手机浏览器扫描二维码访问
长牧朝承德二十二年,冬至。
河清海晏的长牧朝被纷飞的白雪覆盖,俞帝第九子六岁生辰降至,乃九皇子——俞璟。
向大小官爵下旨,为九皇子寻其伴读,相伴左右。
望着天井中落下如白绒毛般的白雪,俞国公许恒看着不久前接过的圣旨陷入了沉思。
自己只得两子,大儿子许悦臻需继承家族厚业,小儿子许悦晟......
自己哪舍得让他进宫服侍别人。
但天子的圣旨哪是说抗便抗的。
俞国公长叹一声。
“父亲——就让儿子去吧?”坐在俞国公旁边的许悦臻开口道。
“儿子不舍得让弟弟去进宫服侍皇子,这皇子指不定生性调皮,弟弟那般娇贵柔弱,儿子怕那皇子欺负弟弟。”

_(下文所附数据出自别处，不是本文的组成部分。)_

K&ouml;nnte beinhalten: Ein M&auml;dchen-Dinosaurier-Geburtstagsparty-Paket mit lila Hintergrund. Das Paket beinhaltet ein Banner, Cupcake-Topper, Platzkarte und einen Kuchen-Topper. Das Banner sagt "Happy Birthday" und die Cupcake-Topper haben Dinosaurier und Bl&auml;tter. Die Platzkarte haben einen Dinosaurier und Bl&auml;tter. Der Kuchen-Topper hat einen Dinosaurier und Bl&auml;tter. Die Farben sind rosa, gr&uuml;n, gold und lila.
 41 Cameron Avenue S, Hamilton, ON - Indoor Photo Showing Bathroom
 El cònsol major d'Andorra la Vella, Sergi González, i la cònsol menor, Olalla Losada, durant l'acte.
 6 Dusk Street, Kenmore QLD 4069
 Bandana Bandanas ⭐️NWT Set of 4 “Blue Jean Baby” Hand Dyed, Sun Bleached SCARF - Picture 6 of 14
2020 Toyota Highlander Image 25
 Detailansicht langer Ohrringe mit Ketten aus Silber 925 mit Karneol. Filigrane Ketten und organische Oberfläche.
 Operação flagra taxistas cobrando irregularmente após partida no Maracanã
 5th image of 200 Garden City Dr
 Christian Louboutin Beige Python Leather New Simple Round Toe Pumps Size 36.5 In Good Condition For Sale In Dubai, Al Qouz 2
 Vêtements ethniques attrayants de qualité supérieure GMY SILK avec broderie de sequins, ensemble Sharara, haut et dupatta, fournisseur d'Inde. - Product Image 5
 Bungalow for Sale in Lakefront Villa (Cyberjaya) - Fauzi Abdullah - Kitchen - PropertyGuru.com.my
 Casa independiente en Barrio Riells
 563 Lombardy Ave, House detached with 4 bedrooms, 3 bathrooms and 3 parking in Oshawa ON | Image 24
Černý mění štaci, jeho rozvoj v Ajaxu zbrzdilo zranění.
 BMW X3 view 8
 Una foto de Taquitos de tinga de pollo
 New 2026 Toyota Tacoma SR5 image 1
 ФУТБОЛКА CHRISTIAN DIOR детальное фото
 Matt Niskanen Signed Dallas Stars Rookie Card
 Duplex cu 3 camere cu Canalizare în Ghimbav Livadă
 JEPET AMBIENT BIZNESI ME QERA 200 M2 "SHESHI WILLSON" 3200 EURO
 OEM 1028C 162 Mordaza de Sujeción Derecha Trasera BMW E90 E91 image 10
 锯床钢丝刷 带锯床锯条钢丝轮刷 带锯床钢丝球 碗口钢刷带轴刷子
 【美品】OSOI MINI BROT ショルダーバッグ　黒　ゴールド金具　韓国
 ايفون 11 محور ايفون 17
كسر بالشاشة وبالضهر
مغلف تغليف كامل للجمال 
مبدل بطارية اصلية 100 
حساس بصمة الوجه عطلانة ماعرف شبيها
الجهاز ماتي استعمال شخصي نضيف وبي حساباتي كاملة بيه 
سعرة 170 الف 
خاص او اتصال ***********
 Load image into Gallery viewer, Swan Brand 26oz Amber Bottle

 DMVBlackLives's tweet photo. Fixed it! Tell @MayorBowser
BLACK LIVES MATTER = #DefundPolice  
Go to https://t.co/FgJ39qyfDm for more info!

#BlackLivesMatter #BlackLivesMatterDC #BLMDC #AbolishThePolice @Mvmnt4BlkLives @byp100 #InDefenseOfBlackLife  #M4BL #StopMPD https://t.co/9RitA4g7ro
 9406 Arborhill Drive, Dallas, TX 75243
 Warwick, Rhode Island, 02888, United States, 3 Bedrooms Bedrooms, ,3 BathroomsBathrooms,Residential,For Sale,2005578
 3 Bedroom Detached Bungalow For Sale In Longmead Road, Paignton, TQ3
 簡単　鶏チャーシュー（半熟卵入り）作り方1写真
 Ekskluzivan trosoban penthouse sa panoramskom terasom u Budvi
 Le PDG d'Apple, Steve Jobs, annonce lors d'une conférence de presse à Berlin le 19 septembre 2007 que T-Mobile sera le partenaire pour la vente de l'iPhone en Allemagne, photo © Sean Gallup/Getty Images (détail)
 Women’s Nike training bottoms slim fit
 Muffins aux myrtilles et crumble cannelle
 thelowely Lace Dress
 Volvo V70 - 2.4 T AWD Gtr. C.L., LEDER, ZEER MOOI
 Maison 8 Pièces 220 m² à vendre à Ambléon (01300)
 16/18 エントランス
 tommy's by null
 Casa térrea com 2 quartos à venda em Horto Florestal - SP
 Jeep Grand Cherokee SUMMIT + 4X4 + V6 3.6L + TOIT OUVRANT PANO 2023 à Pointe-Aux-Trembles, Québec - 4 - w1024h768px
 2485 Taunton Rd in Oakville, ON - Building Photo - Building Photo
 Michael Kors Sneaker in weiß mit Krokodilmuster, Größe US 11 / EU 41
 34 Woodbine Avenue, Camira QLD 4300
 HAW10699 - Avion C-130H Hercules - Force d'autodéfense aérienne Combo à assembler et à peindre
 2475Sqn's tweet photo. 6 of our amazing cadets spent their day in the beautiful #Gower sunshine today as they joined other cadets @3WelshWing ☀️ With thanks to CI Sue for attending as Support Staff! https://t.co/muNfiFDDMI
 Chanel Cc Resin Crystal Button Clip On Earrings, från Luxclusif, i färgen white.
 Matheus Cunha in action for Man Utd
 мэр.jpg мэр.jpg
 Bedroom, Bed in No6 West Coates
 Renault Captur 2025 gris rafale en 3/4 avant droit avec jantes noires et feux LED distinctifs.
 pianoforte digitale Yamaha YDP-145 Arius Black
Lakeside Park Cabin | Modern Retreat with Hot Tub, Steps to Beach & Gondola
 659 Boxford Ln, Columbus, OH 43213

俞国公摇了摇头:“胡闹!慎言啊慎言,皇子是你能说的吗?”
许悦臻不高兴的低下头不再说话,对这未曾谋面的九皇子心生不满。
“这事情,我再看看有没有余地,还是问问晟儿的意愿吧,说不定他想去宫里看看呢?”
说完顿了一下,再道:“切记不要让你母亲知晓这件事,她身子骨弱,我怕她知道后气急攻心,伤了身子。”
许悦臻带着心思唔了声,便心有怨气的离开。
俞国公思量一番,这九皇子最为得宠,却懒惰的出名,最后说不定就是个有封地的懒散王爷,倘若送自己的儿子去做其伴读,也成就不了大事,还要受苦。
左思右想都想不到其他的出路,也不知道是好是坏,苦了晟儿了。